Young teenagers need to be educated more, as having children at an early age is not only detrimental to the child who bore the child (that was a mouthful) but also to the grandparents who have barely seen their 40th birthday and yet have to now raise a newborn. Many young parents do not have that much needed attachment to their child, as the child has been a result of a sexual experience that didn’t have much meaning or because the grandparents of the young parent don’t trust them to be responsible for the baby and therefore allow their child to live their life as normal.
When I was 13, I was thinking about the fun I was going to have at school and the sleep-overs that I weren’t allowed to go to (as my Mother always let me know that my bed was waiting for me at home) and what I would be wearing to the school disco which finished while it was still bright outside. You know what discos I’m talking about, the ones where you were lucky if you got a can of pop, let alone be able to sneak outside and drink a can of cider! Oh how times have changed and it can only continue to get worst as the rate of people having children at a young age becomes alarmingly high.
Looking back, I was never taught about sex education in school, as it wasn’t something that we needed to learn about at that time in our lives. Whereas the sex education that is taught in schools today, is not preventing the fact that 19% of young people use the ‘withdrawal’method as their form of contraception*. It is an absoloute tragedy that 1 in 4 young people do not use contraception and 31% knows of a close family member or friend who has already experienced an unplanned pregnancy.

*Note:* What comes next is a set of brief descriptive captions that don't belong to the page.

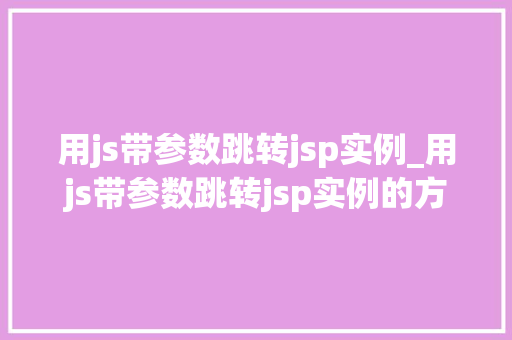 用js带参数跳转jsp实例_用js带参数跳转jsp实例的方法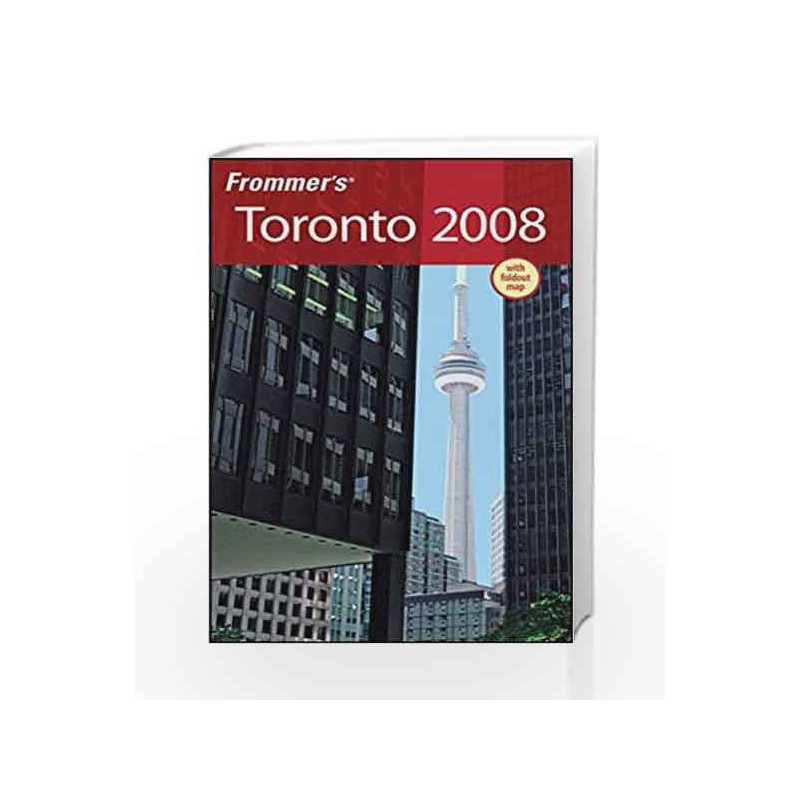 Frommer sToronto 2008 (Frommer s Complete Guides) by Frommer Book-9780470178362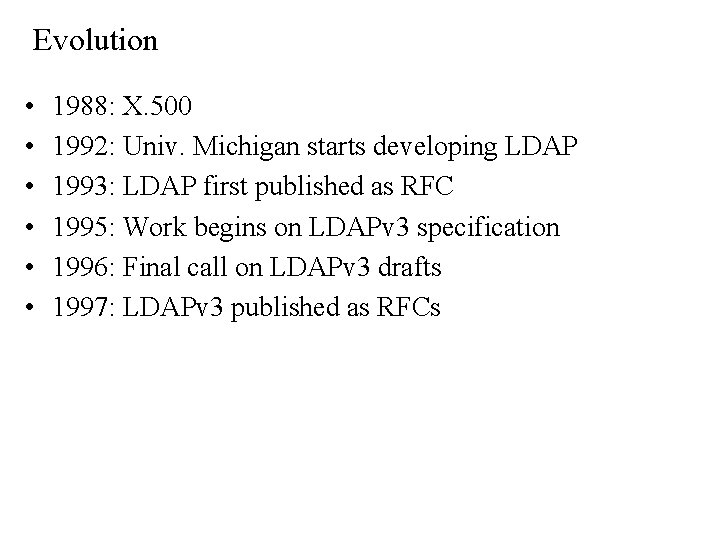 Evolution • • • 1988: X. 500 1992: Univ. Michigan starts developing LDAP 1993: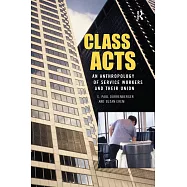 Class Acts: An Anthropology Of Service Workers And Their Union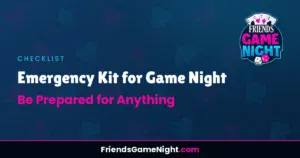 Read more about the article Emergency Kit for Game Night: Be Prepared for Anything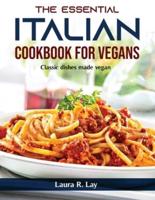 The Essential Italian Cookbook for Vegans: Classic dishes made vegan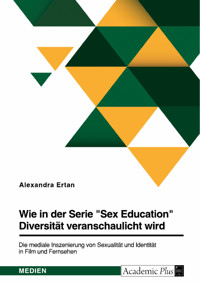 Wie in der Serie "Sex Education" Diversität veranschaulicht wird. Die mediale Inszenierung von Sexualität und Identität in Film und Fernsehen - Alexandra Ertan - E-Book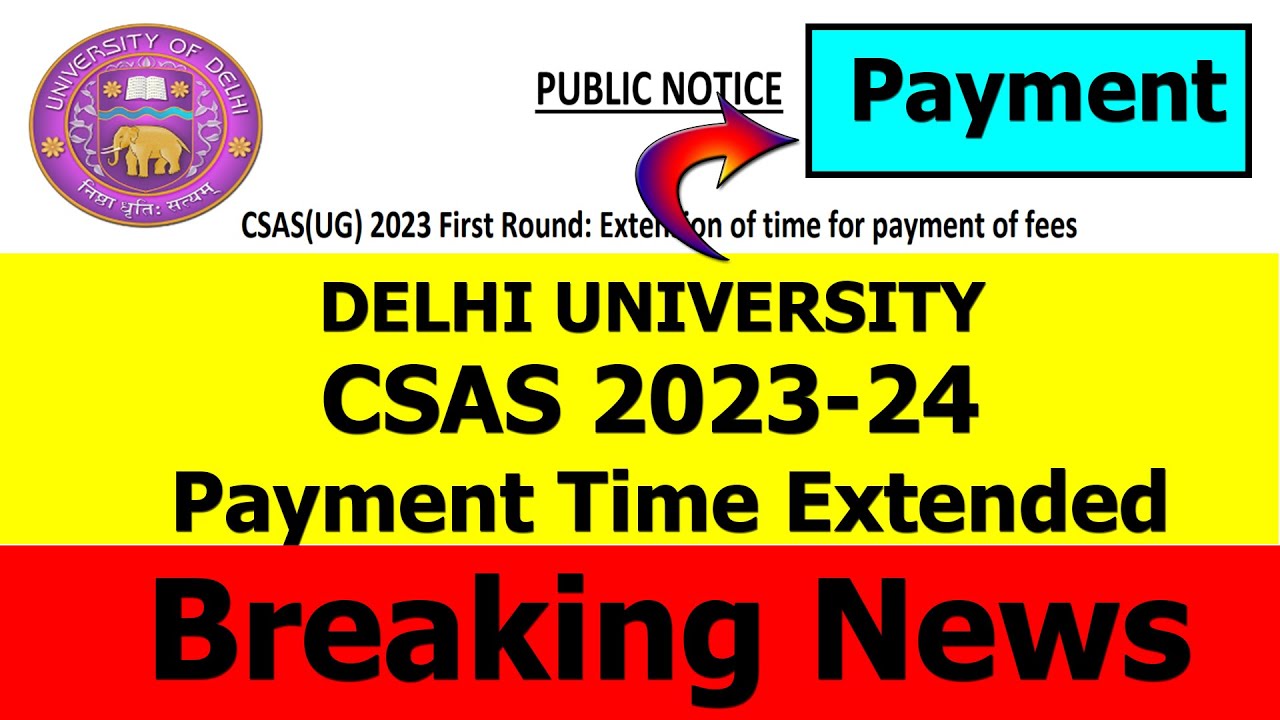 DU CSAS 2023-24 | Payment Time Extended Portal | Delhi University | Hurry Up !!!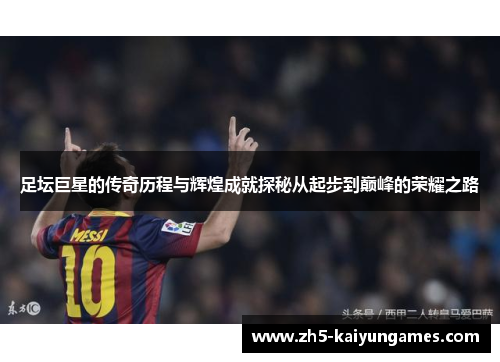 足坛巨星的传奇历程与辉煌成就探秘从起步到巅峰的荣耀之路 足坛巨星的传奇历程与辉煌成就探秘从起步到巅峰的荣耀之路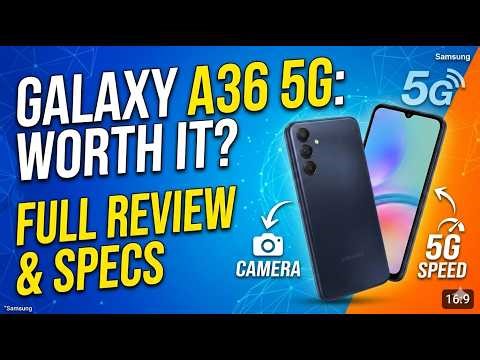 Galaxy A36 5G Review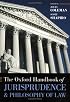The Oxford Handbook of Jurisprudence and Philosophy of Law (Oxford Handbooks Series)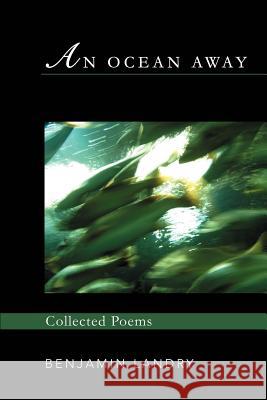 An Ocean Away: Collected Poems Landry, Benjamin 9780595392896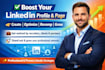 create, optimize, revamp and boost your linkedin profile and page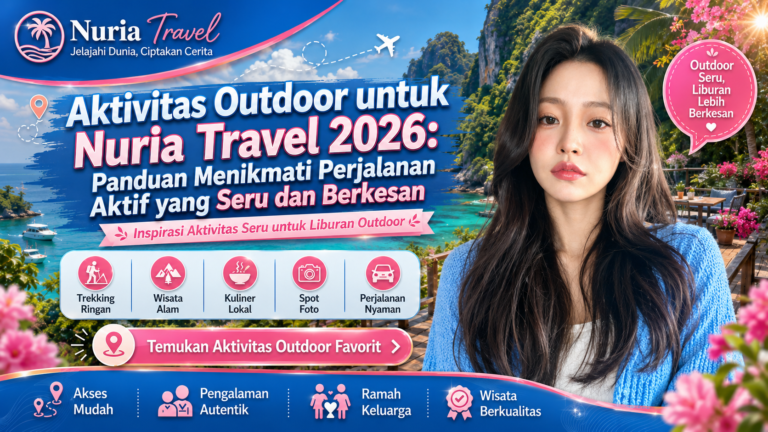 Aktivitas Outdoor untuk Nuria Travel 2026: Panduan Menikmati Perjalanan Aktif yang Seru dan Berkesan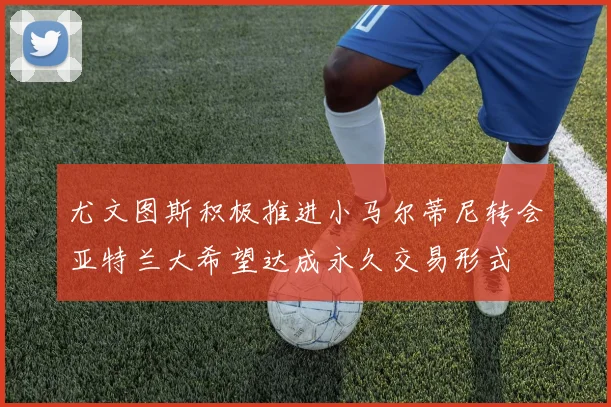 尤文图斯积极推进小马尔蒂尼转会亚特兰大希望达成永久交易形式
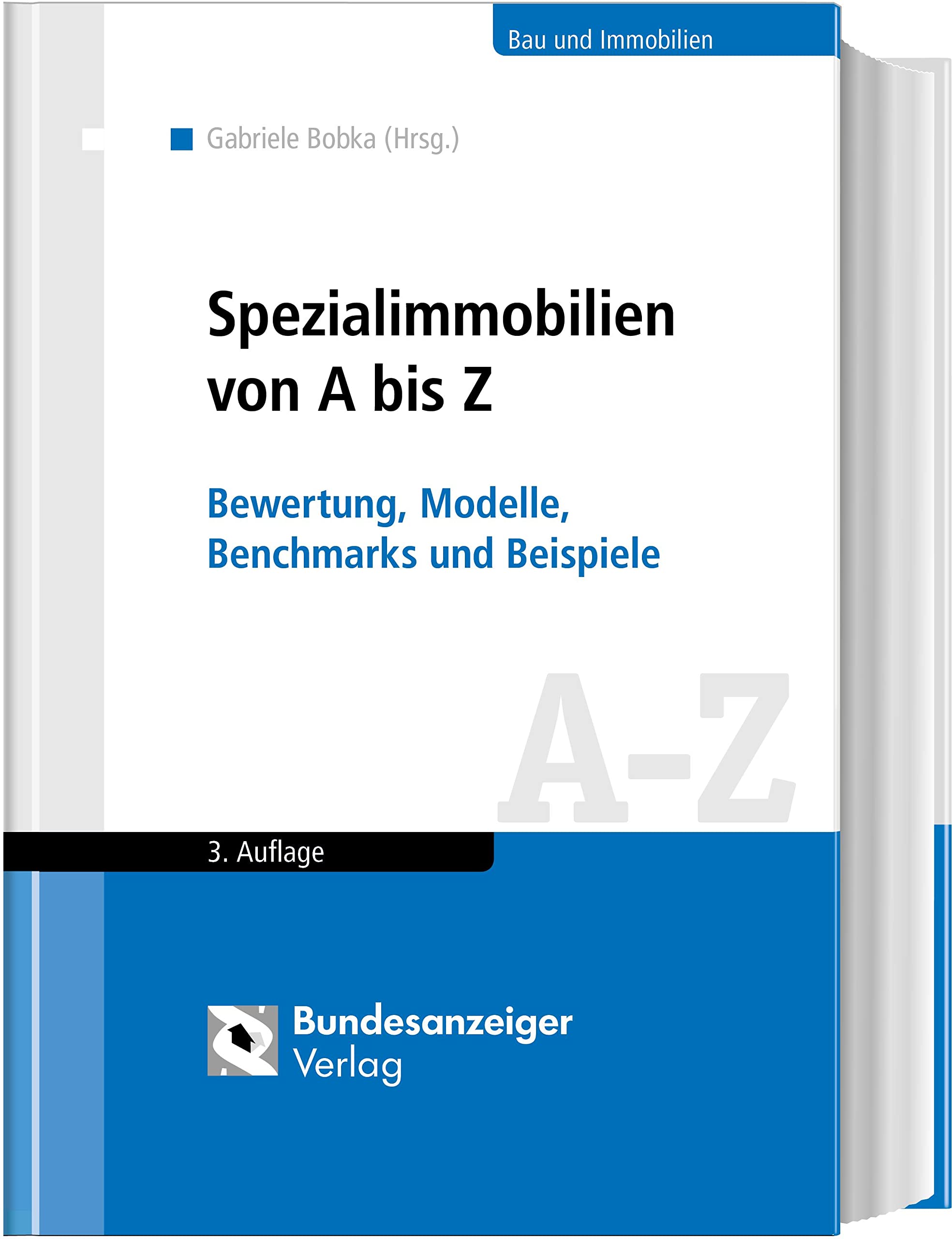 Spezialimmobilien von A bis Z (2018): Bewertung, Modelle, Benchmarks und Beispiele Law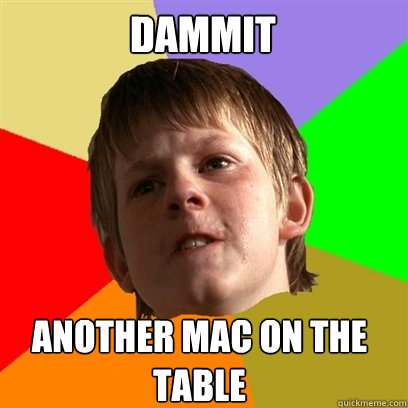 dammit another mac on the table  Angry School Boy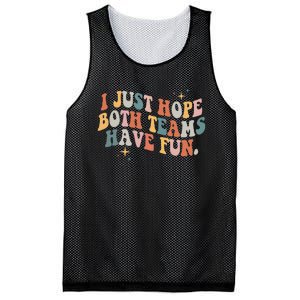 Retro Groovy I Just Hope Both Teams Have Fun Funny Saying Mesh Reversible Basketball Jersey Tank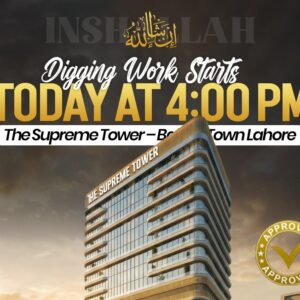 The Supreme Tower Bahria Town Lahore Officially Starts Digging Work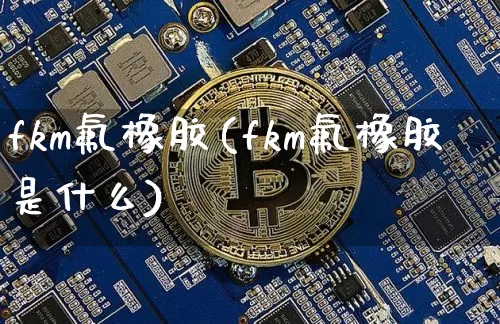 fkm氟橡胶(fkm氟橡胶是什么)_https://www.qgjzrcxxzxpt.com_大商所_第1张
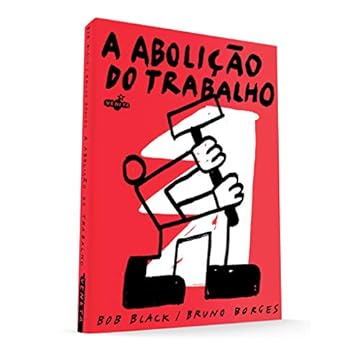 Capa do livro A Abolição do Trabalho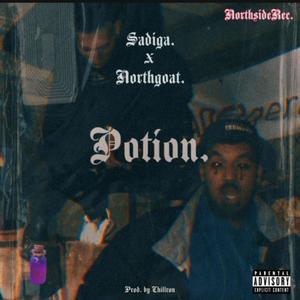Potion.(feat. Sadiga) (Explicit)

I dread to think what the next generation will turn out like if they have our present ones as role models. Taking time out to get to know someone has become a thing of the past, as many teenagers are known to go on holiday and think it’s okay to have a holiday fling (or five!). The Government have spent an ample amount of funding in trying to promote ‘safe sex’ and in trying to prevent ‘unwanted’ and ‘underage pregnancy’ and yet we are still facing the same issues as young people keep making the same decisions.
Education is the key to keeping our youths free from harm and detrimental to help them establish a respectable life as a upcoming adult. Yes, there are youngsters who have had children at a seriously young age and have been able to cope but realistically, the majority rely on parents and in most circumstances are left holding the baby as the other parent is not ‘ready’ to take on any responsibility.
Where will this predicament of underage promiscuity end? Is it the fact that people in general always try things that they are not supposed to or is the word ‘childhood’ just something that our younger generation will never appreciate or acknowledge?
Let me know your thoughts!
* The research was part of a worldwide survey of 5,223 respondents and was funded by Bayer Healthcare.